▸ **PROBLEM TO WORK ON**: Pictures in the data must not be copied, but everything else should be output exactly.

▸ **EXERCISE DATA**:
┄┄┄┄┄┄
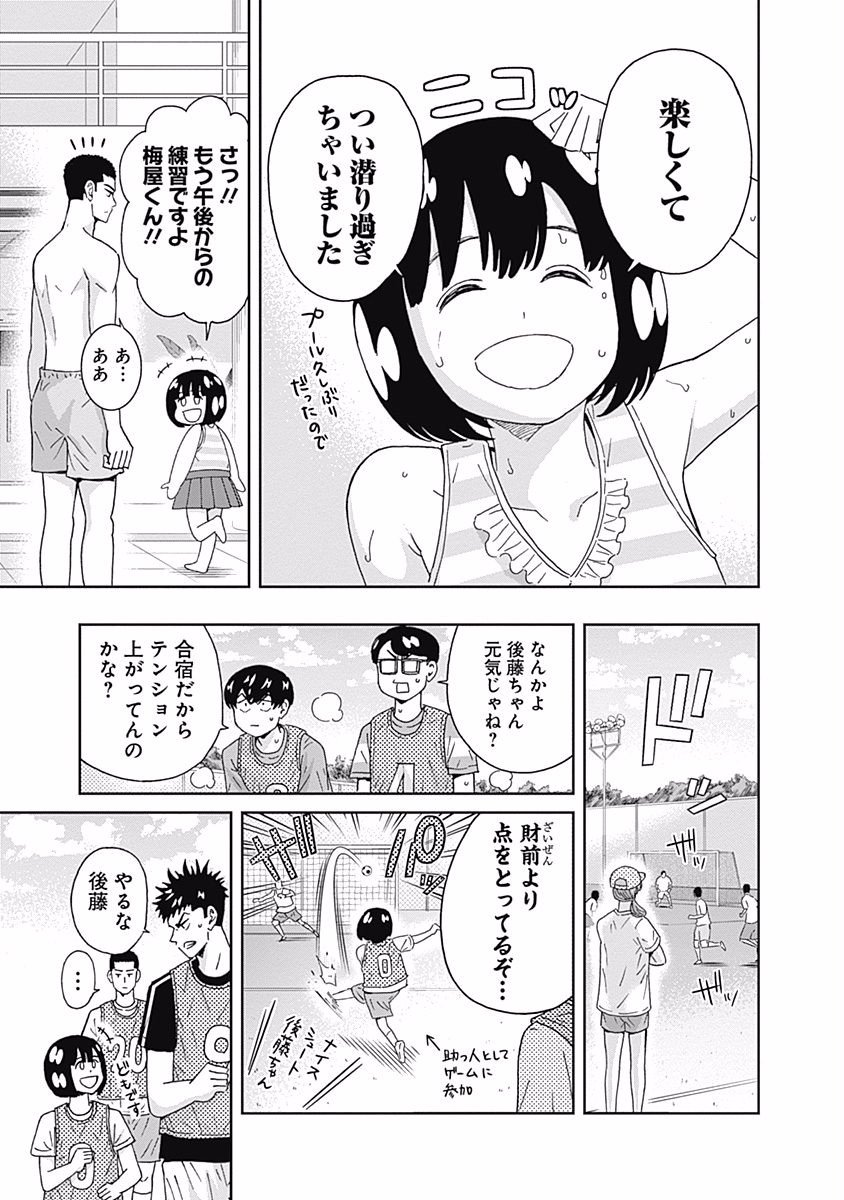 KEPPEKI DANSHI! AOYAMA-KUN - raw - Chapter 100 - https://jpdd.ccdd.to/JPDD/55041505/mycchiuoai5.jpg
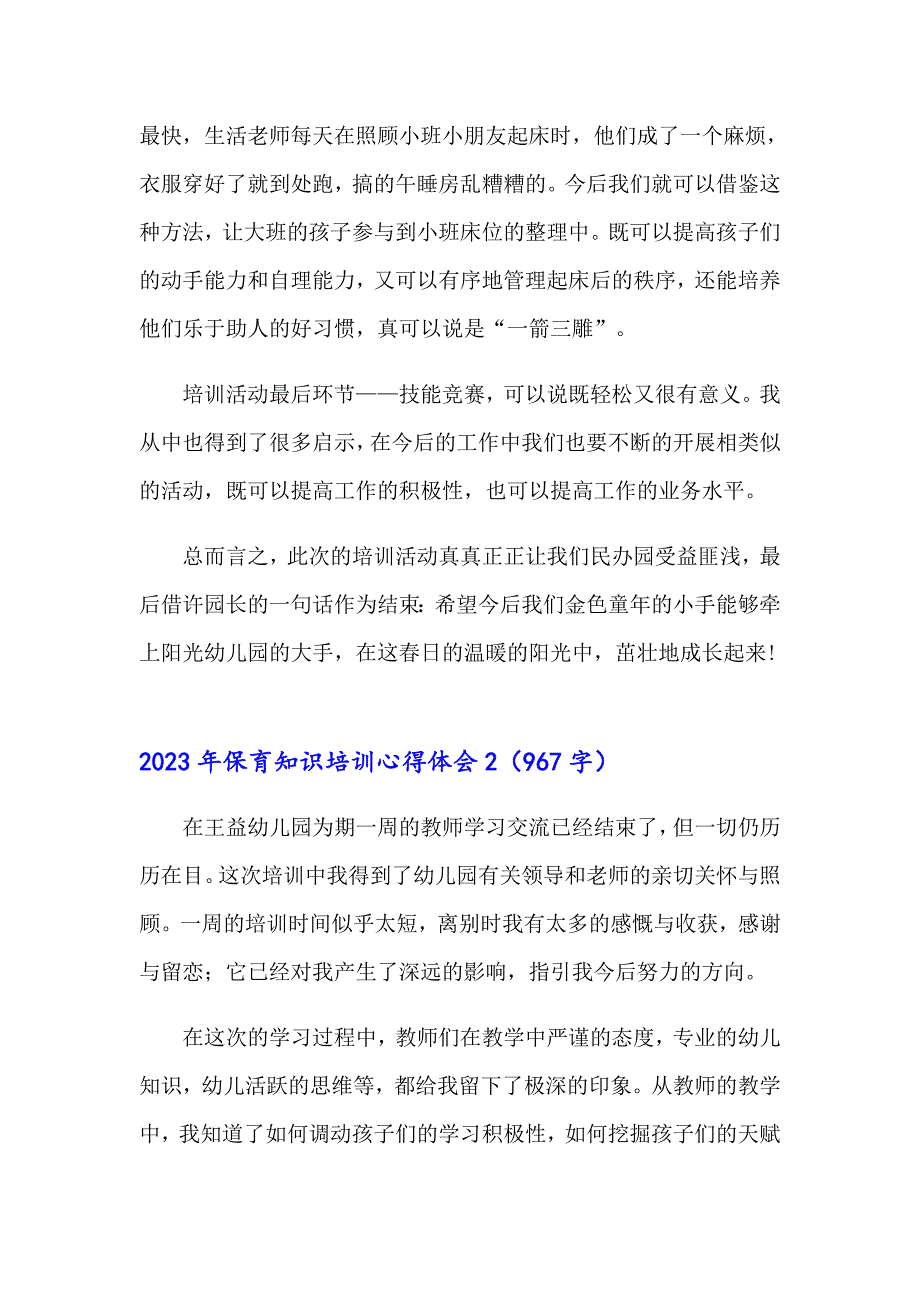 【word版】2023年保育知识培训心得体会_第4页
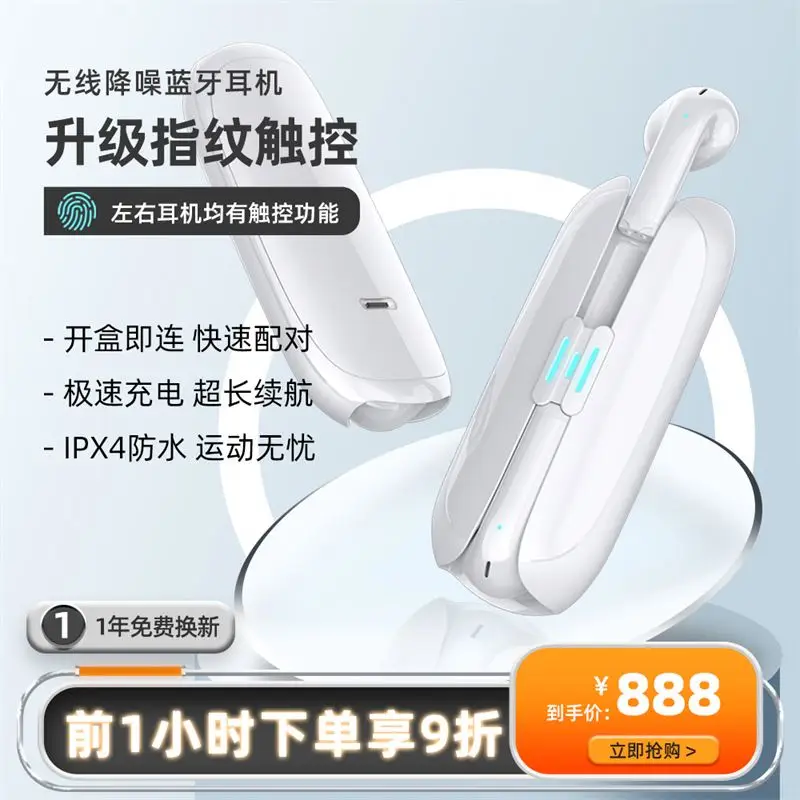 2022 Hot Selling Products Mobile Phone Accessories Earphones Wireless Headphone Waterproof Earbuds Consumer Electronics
┄┄┄┄┄┄
▸ **SOLUTION BELOW**:
 KEPPEKI DANSHI! AOYAMA-KUN - raw - Chapter 100 - https://jpdd.ccdd.to/JPDD/55041505/mycchiuoai5.jpg
 【word版】2023年保育知识培训心得体会_第4页
 2022 Hot Selling Products Mobile Phone Accessories Earphones Wireless Headphone Waterproof Earbuds Consumer Electronics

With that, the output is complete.